At the time, he said, most computers were big, expensive boxes with a front panel and lights. “I realized I could never afford input/output, but I owned a television and I’d learned how to use an analog television in high school electronics. I lucked out because I’d already built some projects like that to get on the ARPANET. Six universities had computers on the ARPANET.”

So, he rigged up his TV at home with a keyboard. “Just because it was free. I had no money,” he said. He laughed as he recalled that back then, “a useful computer had to have 4K of RAM.”

His best ideas, such as adding color to a monitor, came because he was tired and his mind was wandering and he thought about how there was color in Atari’s arcade games. He had already worked with Steve Jobs on a small project and written “Breakout” for Atari. “I look back and think, ‘God almighty, if my mind hadn’t wandered …'” The resulting color monitor first appeared on the Apple II, which was the machine that started the personal computer movement, as noted previously on TechRepublic.

Letting your mind wander is one of the best ways to innovate, Wozniak said. “All through high school and college days if I had computer problems, I’d go to sleep thinking about it hard and wake up thinking of solutions that were good or bad.”

Oftentimes he’d forget his dreams, so, he said, “I started writing them down. I discovered sometimes the solutions you come up with dreaming are good. Sometimes they’re something you discarded before. The mind is always thinking all the time.”

“I was such a nerd I didn’t have a girlfriend or a wife so I had lots of free time,” he added.

He was able to spend a lot of time innovating because, he said, “Hewlett-Packard values in those days were unbelievable. We were making the tools that engineers need. Hewlett-Packard had a policy that you could have the parts out of the storeroom for something of your own design if your supervisor approved,” he said.

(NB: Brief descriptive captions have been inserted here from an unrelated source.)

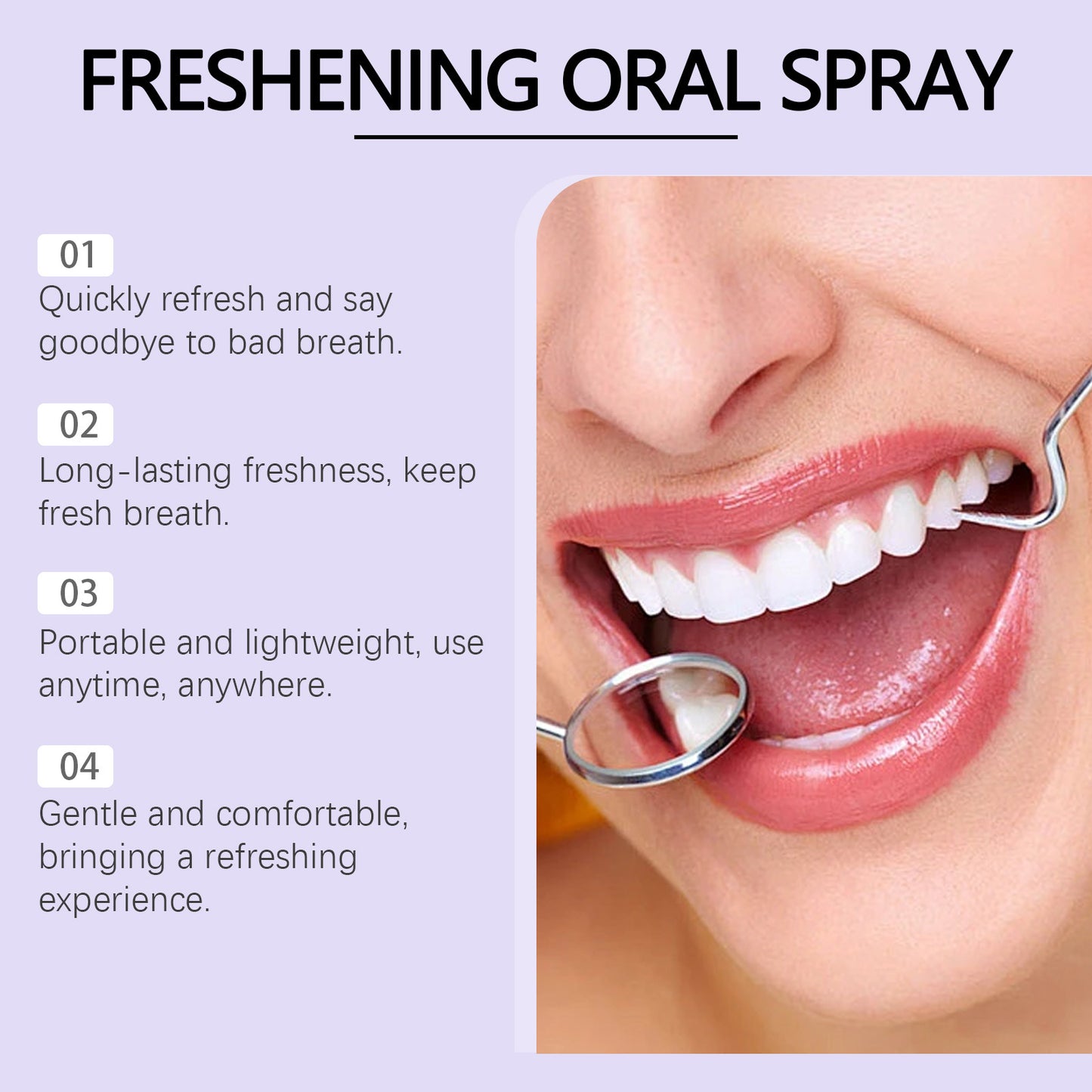 Oral Spray Refreshing Long-lasting Portable
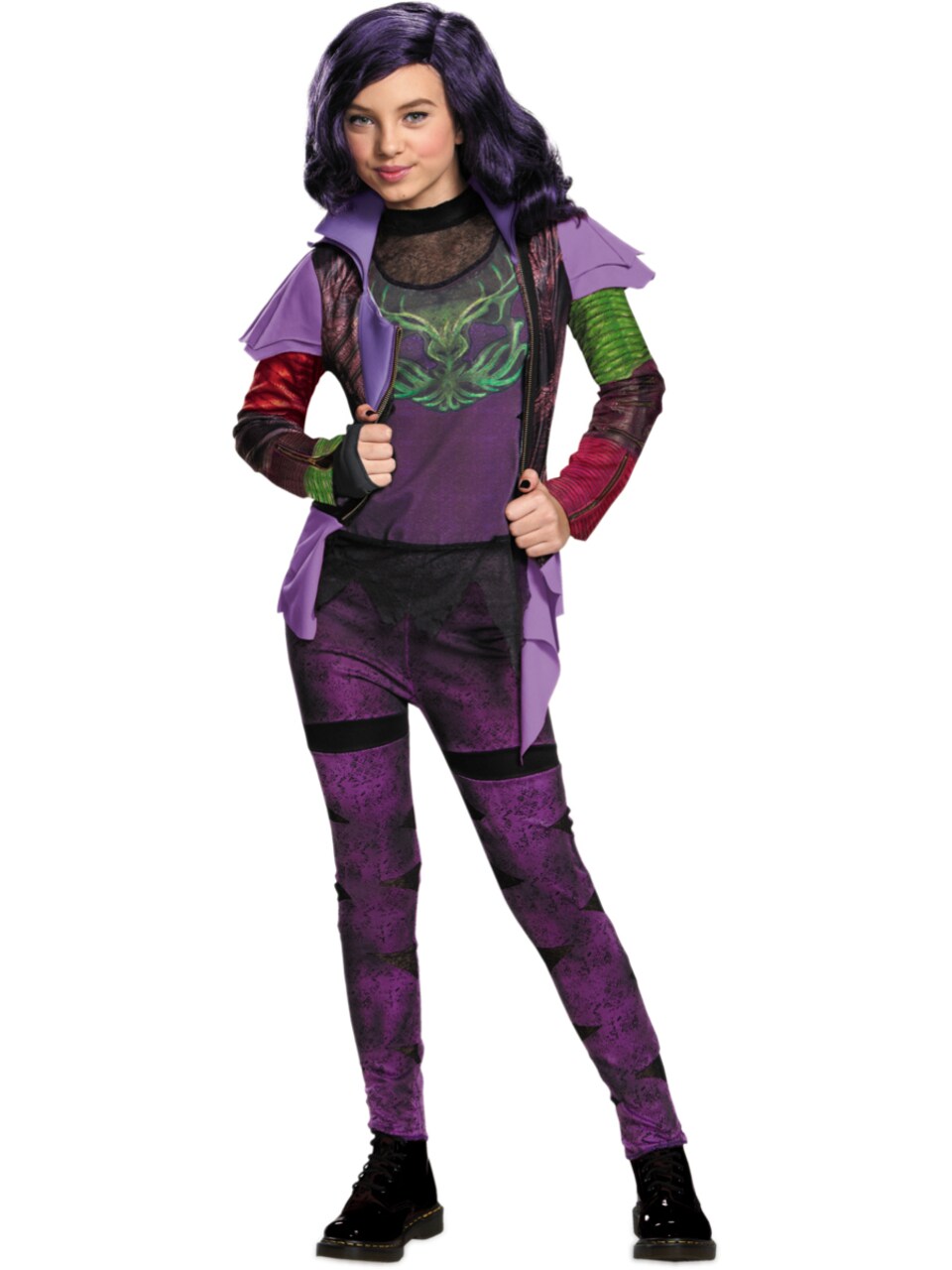 Mal Isle Of The Lost Deluxe Girls The Descendants Disney Costume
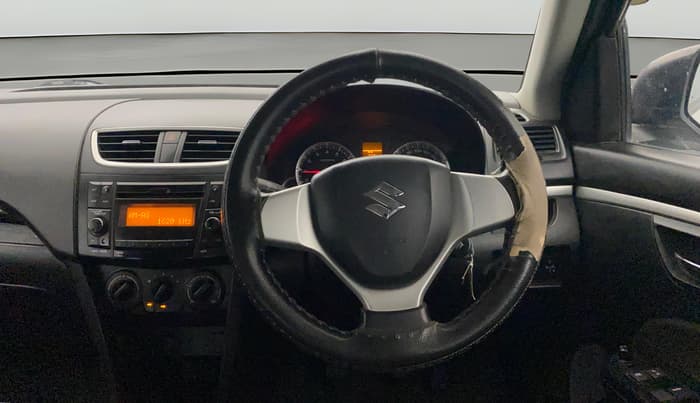 2017 Maruti Swift VXI O, Petrol, Manual, 65,920 km, Steering Wheel Close Up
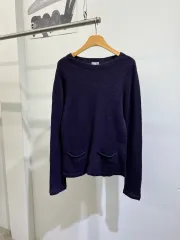 MARGARET HOWELL(マーガレットハウエル) ウール カシミヤ ブレンド セーター ( Made in Japan )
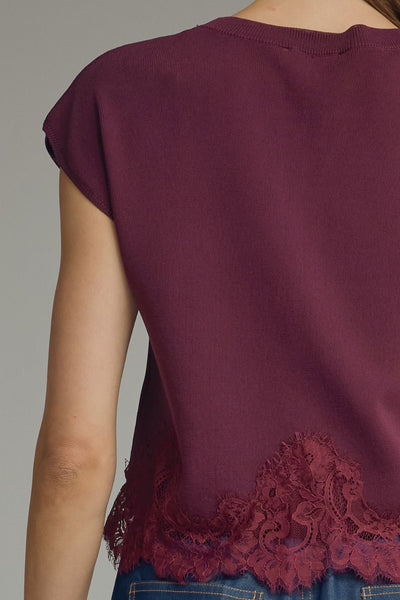 Lace Bottom Fall Knit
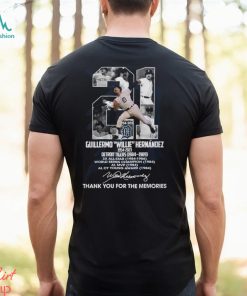 Guillermo Willie Hernandez 1954 – 2023 Detroit Tigers 1984 – 1989 Thank You For The Memories T Shirt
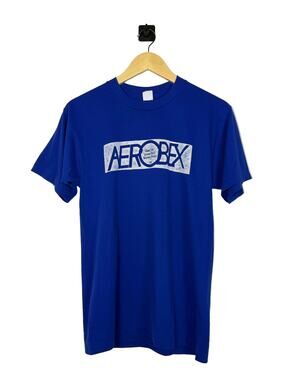 Vintage Aerobics Fitness Shirt Single Stitch 80s Humor Funny Tee Made in USA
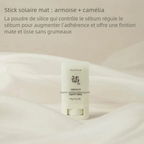 MATTE SUN STICK SPF50+ – ARMOISE & CAMÉLIA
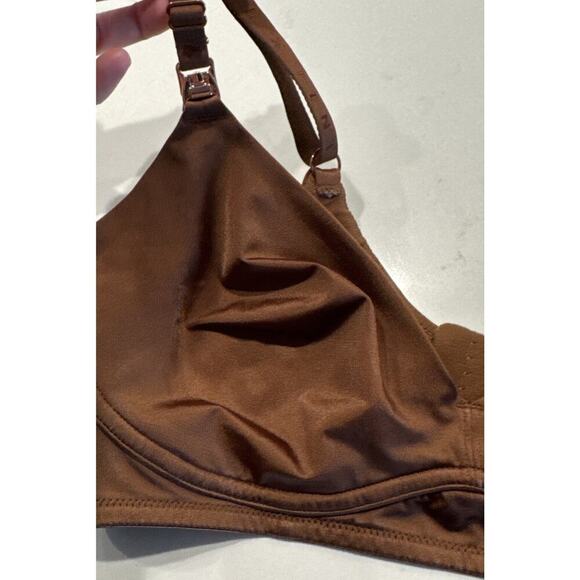 Savage X Fenty Women’s Size 4-6 Brown Wireless Bra Sheer Net Detail - Picture 4 of 10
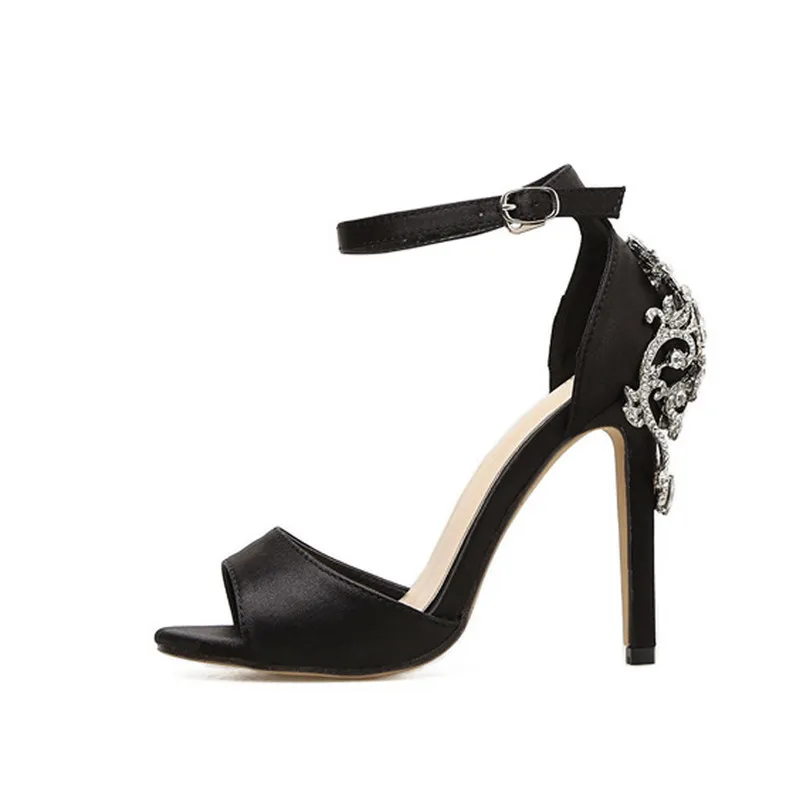 SAGACE/летние модные роскошные женские босоножки на высоком каблуке со стразами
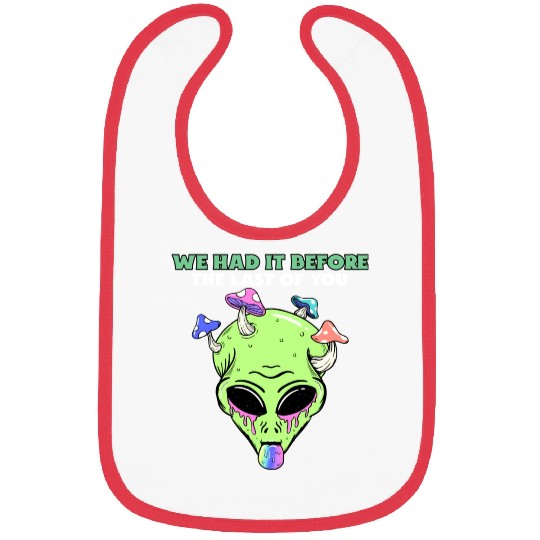 The Last Of Us All Mushroom Infected Green Alien Bibs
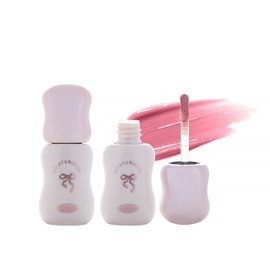 HOJO WOO Lip Gloss, High Gloss, Moisturizing, Long Lasting Lipstick, Cosmetics, Gloss, Lustrous Lipstick, High Color, Long Lasting, Serum, Tint, #2 Natural Powder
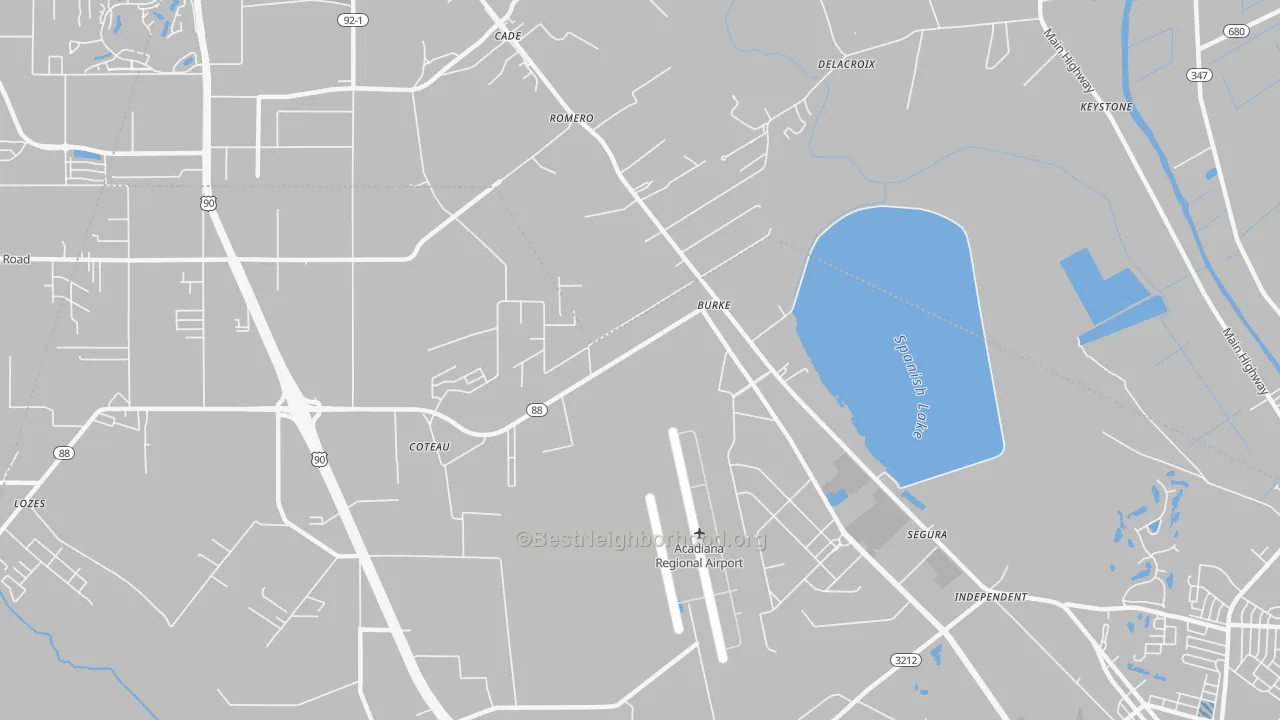 Transit Grade map of Cade, LA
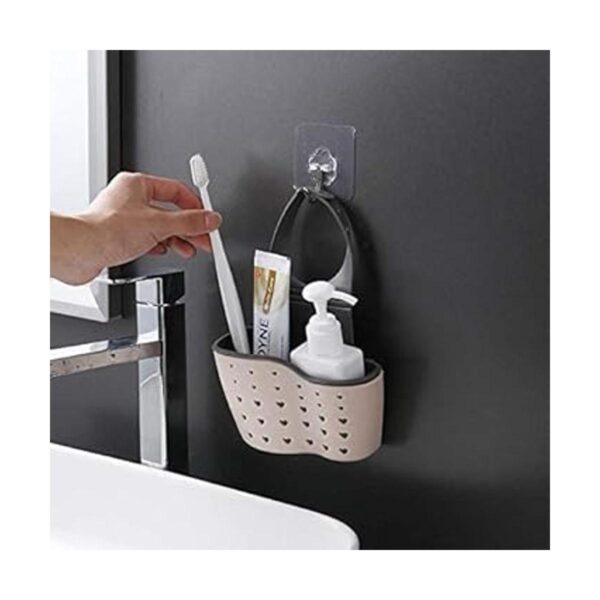 Paquete de 2 soportes de esponja de cocina organizador de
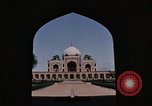 Standbild Grab von Humayun Delhi Indien, 1970, aus Sekunde 36 historischem Filmmaterial Videoclip 65675043066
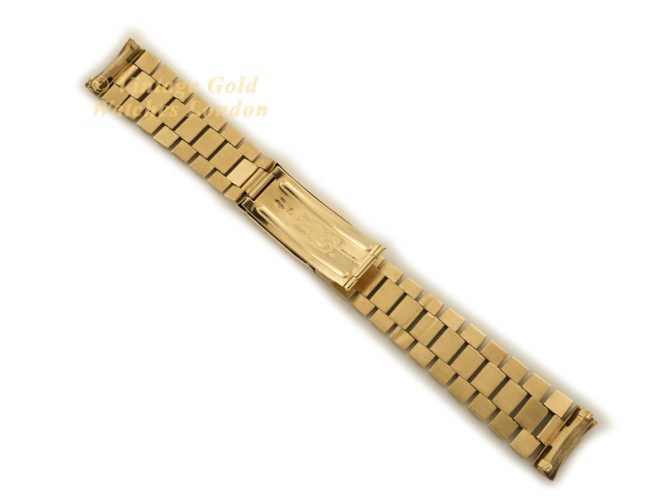 Rolex Day Date / Datejust Bracelet Bark Finish 18ct Yellow Gold (5)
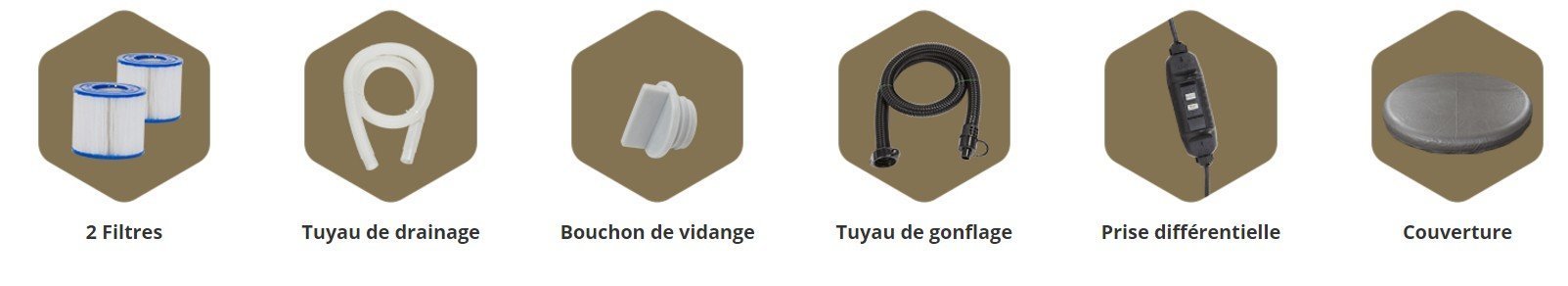 Accessoires du spa Vita Premium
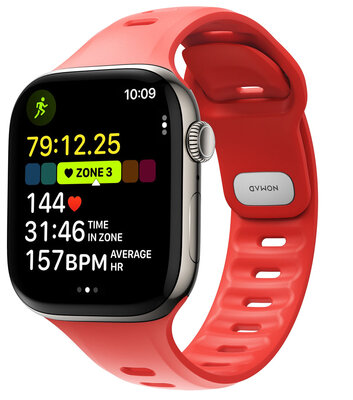 Nomad Tempo FKM Apple Watch 46 /&nbsp;45 mm bandje crush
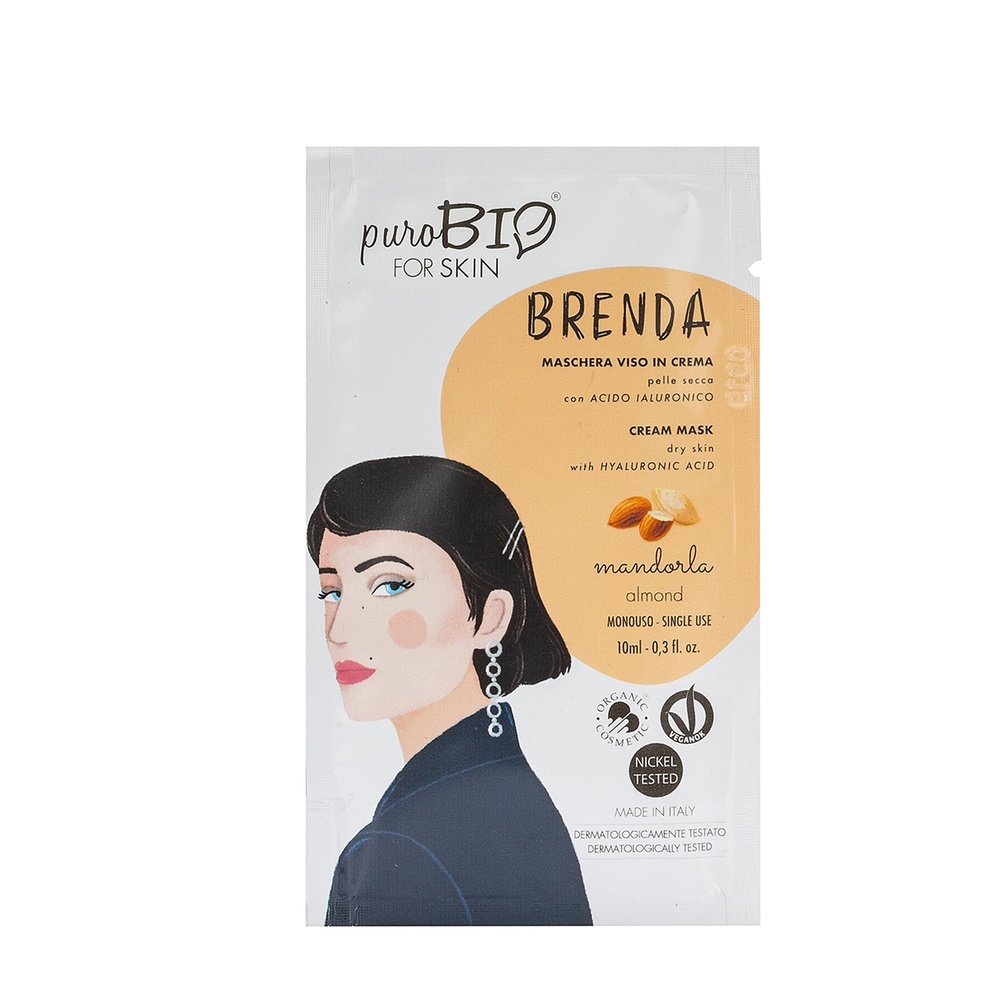 Purobio BRENDA - Masque crème Peau normale, sèche ou mature - AMANDE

After work, he’d head home and heat up a TV dinner, then, he said, “I’d go back to the office and work on my own projects for fun.”

When Wozniak developed his first computer, he said, “I offered it to Hewlett-Packard first, and they turned me down five times for the personal computer.”

He said it was good that they did, because, if they had bought it, “they would have built a boring product for engineers. They wouldn’t have had color and animation and all that fun. Apple II made a huge change there.”

He said creating the computer was important to him because of the social change it could accomplish. He knew it was going to improve communication. “The thought you could type a message into a computer and people would read it an hour later… man, I was so turned on by this thought.”

He was showing off his new computer at the Homebrew Computer Club when his friend Jobs showed up. “I said, ‘you have to see this.’ He saw the crowd around me as I demonstrated it. That’s when he said, ‘we should start a computer company and sell your PC board. We’ll build it for $20 and sell it for $40. It wasn’t even a whole computer.” That would become the Apple I.

Starting without an exit plan

Wozniak talked about how Apple began. “Steve and I were really young. We were in our early 20s. We had no business courses. We had no money. We had a mentor [Mike Markkula] who owned a third of Apple stock. He said to start a technology company and told us what my role would be, what Steve’s role would be.”